Despite efforts to appease the European Commission with offers to amend the deal, the firms were told on Friday that the EC intended to prohibit the purchase.
UPS said in a statement it will pay a €200m break fee to withdraw its offer, ending almost a year of discussions between the firms.
The European Commission said its formal decision is not due until 5 February. The body has prohibited around 20 deals on competition grounds in as many years.
The regulatory roadblock leaves Amsterdam-listed TNT without a permanent chief executive or long-term strategy as a standalone company.
FedEx, which had complained to the European Commission about the proposed deal, is not thought to be preparing a bid for TNT, while analysts said an offer from larger rival Deutsche Post was unlikely to gain competition clearance.
Shares in PostNL, TNT’s biggest shareholder which had been counting on using proceeds from the deal to pay investors a dividend, plunged a third on the news.

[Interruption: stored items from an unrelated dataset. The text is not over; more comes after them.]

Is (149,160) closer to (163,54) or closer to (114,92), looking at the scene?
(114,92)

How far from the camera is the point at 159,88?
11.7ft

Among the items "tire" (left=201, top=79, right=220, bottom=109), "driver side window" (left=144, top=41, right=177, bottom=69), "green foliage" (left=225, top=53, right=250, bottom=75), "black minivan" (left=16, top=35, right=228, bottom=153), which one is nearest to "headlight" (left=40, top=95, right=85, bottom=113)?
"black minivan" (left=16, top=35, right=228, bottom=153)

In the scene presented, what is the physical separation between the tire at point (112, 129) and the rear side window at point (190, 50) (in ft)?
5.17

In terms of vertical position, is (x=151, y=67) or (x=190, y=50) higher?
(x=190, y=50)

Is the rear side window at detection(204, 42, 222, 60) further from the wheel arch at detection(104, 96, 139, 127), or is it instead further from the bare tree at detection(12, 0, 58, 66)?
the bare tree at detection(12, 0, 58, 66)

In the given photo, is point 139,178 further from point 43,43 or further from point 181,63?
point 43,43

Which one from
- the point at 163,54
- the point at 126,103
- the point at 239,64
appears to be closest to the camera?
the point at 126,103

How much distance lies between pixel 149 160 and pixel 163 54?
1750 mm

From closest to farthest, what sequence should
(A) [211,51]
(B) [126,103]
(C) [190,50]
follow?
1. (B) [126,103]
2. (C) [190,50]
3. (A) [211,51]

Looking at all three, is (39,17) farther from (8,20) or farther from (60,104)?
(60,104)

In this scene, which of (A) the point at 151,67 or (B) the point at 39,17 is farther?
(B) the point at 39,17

Hedge funds were left nursing losses of more han $700m after the collapse of TNT’s shares.
Merger arbitrage funds are estimated to have owned around 30 per cent of TNT shares before yesterday’s announcement, a source told Reuters.

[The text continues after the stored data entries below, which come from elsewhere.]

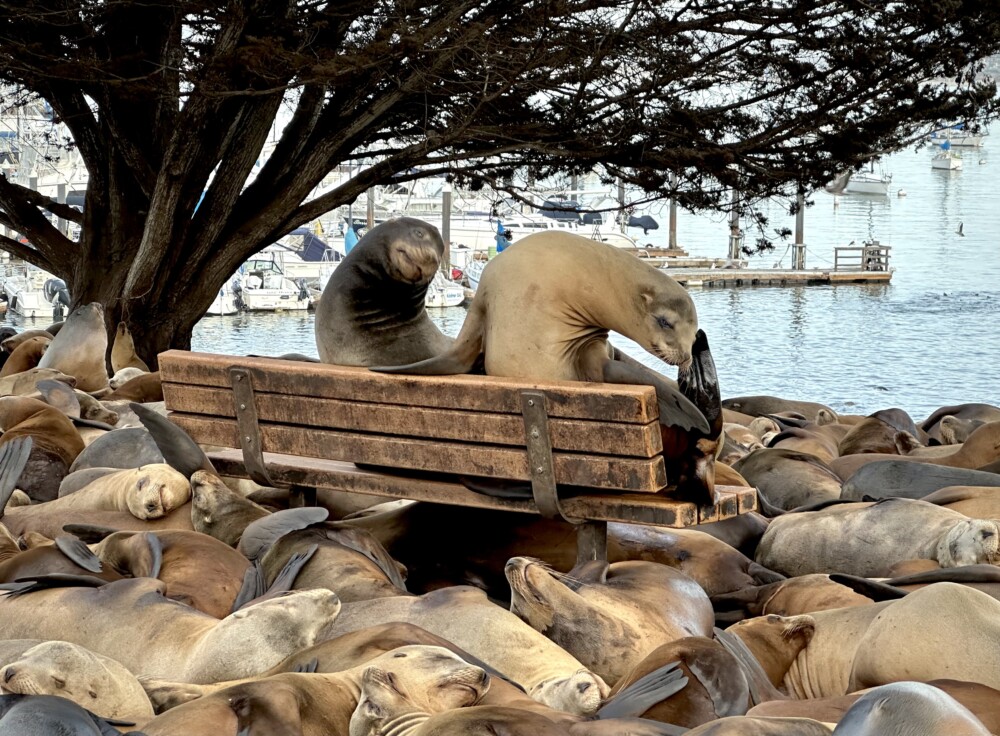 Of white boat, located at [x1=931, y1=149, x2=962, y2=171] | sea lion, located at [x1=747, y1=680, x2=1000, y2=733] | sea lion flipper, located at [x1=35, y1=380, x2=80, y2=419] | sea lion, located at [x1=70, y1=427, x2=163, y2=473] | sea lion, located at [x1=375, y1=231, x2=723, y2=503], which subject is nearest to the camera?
sea lion, located at [x1=747, y1=680, x2=1000, y2=733]

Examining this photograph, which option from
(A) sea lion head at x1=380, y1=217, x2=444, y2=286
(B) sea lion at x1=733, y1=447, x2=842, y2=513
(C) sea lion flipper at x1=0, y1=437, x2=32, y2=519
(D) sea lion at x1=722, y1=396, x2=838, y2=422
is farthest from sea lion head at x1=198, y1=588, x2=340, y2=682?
(D) sea lion at x1=722, y1=396, x2=838, y2=422

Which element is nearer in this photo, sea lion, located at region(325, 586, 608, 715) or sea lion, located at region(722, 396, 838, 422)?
sea lion, located at region(325, 586, 608, 715)

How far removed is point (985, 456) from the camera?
7.44 meters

ADVISERS UPS PURCHASE OF TNT
FIONA CARLIN & GAVIN BUSHELL
BAKER & MCKENZIE
AFTER almost a year of talks about the finances of the £4.3bn postal purchase, the deal was finally felled by legal tangles.

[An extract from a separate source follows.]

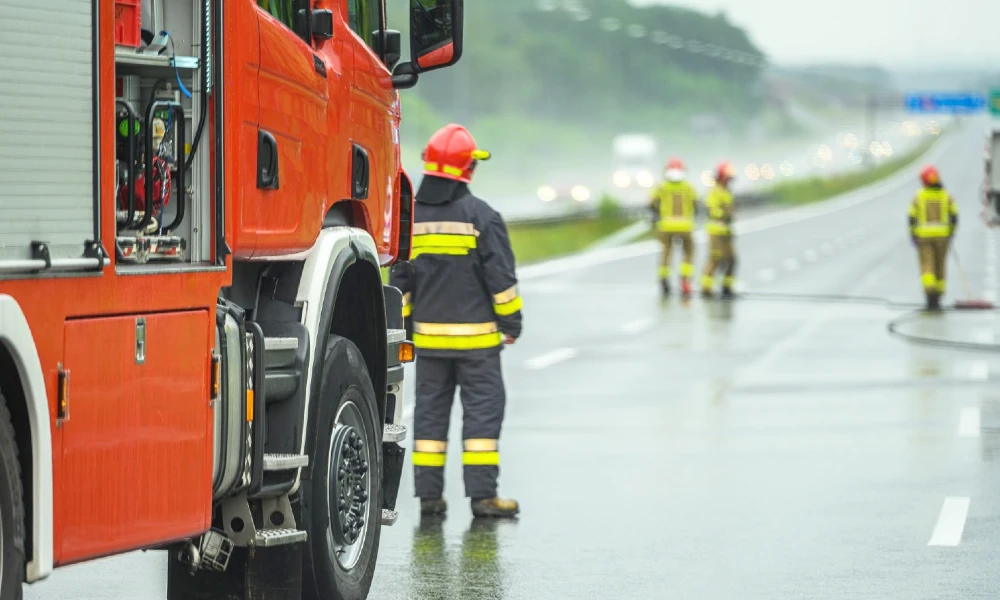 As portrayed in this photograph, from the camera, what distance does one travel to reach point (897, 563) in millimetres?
8461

Antitrust lawyers from Freshfields acting for UPS and Allen & Overy partner Paul Glazener for TNT Express learned last week that the European Commission planned to exercise its right to prohibit the deal.
FedEx, which successfully lobbied on competition grounds to the EC, hired Baker & McKenzie as its legal advisers. The team was led by Fiona Carlin, head of the firm’s European and competition law practice in Brussels, and Gavin Bushell, a partner in the same practice (both pictured left).
The collapse of the tie-up between “Taurus” and “Utah” (the codenames given to the firms in the deal’s early stages) has cost the financial advisers an estimated $55m (£34.2m) in fees. UPS’s financial advisers Morgan Stanley, Bank of America and UBS would have shared around $25m to $30m, according to Freeman Consulting. TNT’s bankers, Goldman Sachs and Lazard, along with Deutsche Bank, which helped the Dutch group’s largest shareholder PostNL, would have split the remaining $20m to $25m, the data consultant estimated yesterday.